Case for Anglo grows

[miningmx.com] — STRIKING unions at De Beers may be interested to hear that the diamond miner is expected to report record sales of some $3.5bn when it reports half-year numbers on Monday.

Says RBC Capital Markets: “The sixth sight of the year closed this week and sightholders suggest the total could have been some $840m with price increases ranging around 10%. We are looking for record sales of $3.5bn.’

De Beers is offering unions a 7.5% wage increase and a once-off payment of R2,500 per worker. Unions, however, are holding out for their original 15% wage increase demand. “At this point in time, it’s too early to say how many workers are on strike,’ Lesiba Seshoka, spokesman for the the National Union of Mineworkers (NUM) told Reuters. NUM will feel justified in calling for a substantial real increase.

The positive view on De Beers is supported by Goldman Sachs, which like RBC Capital, has a buy recommendation on Anglo. “The diamond market is experiencing very favourable pricing in 2011 which Anglo shareholders will see through its shareholding in De Beers,’ it said.

RBC is forecasting an operating profit of $403m in the first half for Anglo’s De Beers’ stake which represents a 54% increase year-on-year, and some 43% ahead of consensus. The diamond market is looking even better in the second half of the year, analysts say.

This is all good news for Anglo American, which owns 45% of De Beers, as well as a 64% in Kumba Iron Ore which is also shooting the lights out. Kumba Iron Ore reported R28.23 in half-year share earnings this week, in the upper end of the company’s own guidance in its trading statement of R26.80 to R28.70/share.
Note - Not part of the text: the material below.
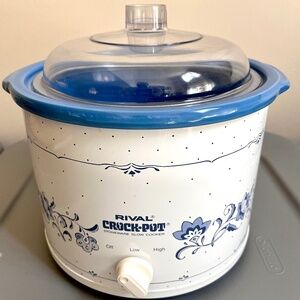 Vintage Rival Blue&White Crock Pot Cooker Model 3120–2.5 Qt–Excellent Condition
As a result of this, and the imminence of production from Anglo’s Barro Alto nickel mine, the Los Broncos expansion and Kolomela (formerly Kumba’s Sishen South project), analysts remain bullish on Anglo American over the likes of BHP Billiton or Xstrata. Yet Anglo has been a buy for a number of analysts for months.

As one analyst observed: “It’s actually a compliment when an analyst puts a “sell’ recommendation on a share because it must mean the market in general is seeing value in the share. When there’s a buy on a stock, it means no-one seems to want you.’ Anglo’s 50% earnings exposure to South Africa, and the related political risks, may explain some hesitancy to pile into the group’s shares, and explain too the impulse for Kumba Iron Ore to seek diversifying production in west Africa.

Chris Griffith, CEO of Kumba Iron Ore, told media on July 21, the company was on “a fishing expedition’ as it sought prospects outside of South Africa. This will again raise the rather awkward situation of a listed subsidiary competing with its parent firm as Anglo, too, is seeking iron ore deposits.

The Australian Financial Review reported earlier this week that Anglo might make a competing bid for Sundance Resources, an Australian-listed firm with iron ore deposits in Cameroon. Chinese firm Hanlong is believed to be close to concluding a $1.5bn for Sundance – which had its entire board wiped out last year when its members perished in a plane accident over the Congo – but an interloper is rumoured.

But perhaps there’s no conflict at all if one interesting yet currently unsubstantiated conspiracy theory is true. And that’s the view Anglo will use Kumba Iron Ore has its vehicle for iron ore acquisitions in west Africa because the capital burden that comes with developing the mines will surely bring the curtain down on Kumba’s impressive dividend, annualised at 8%.

Were that to happen, you can see shares in Kumba Iron Ore falling through the floor which would make it a cheap and tasty takeout option for the remaining shares in Kumba Anglo doesn’t own.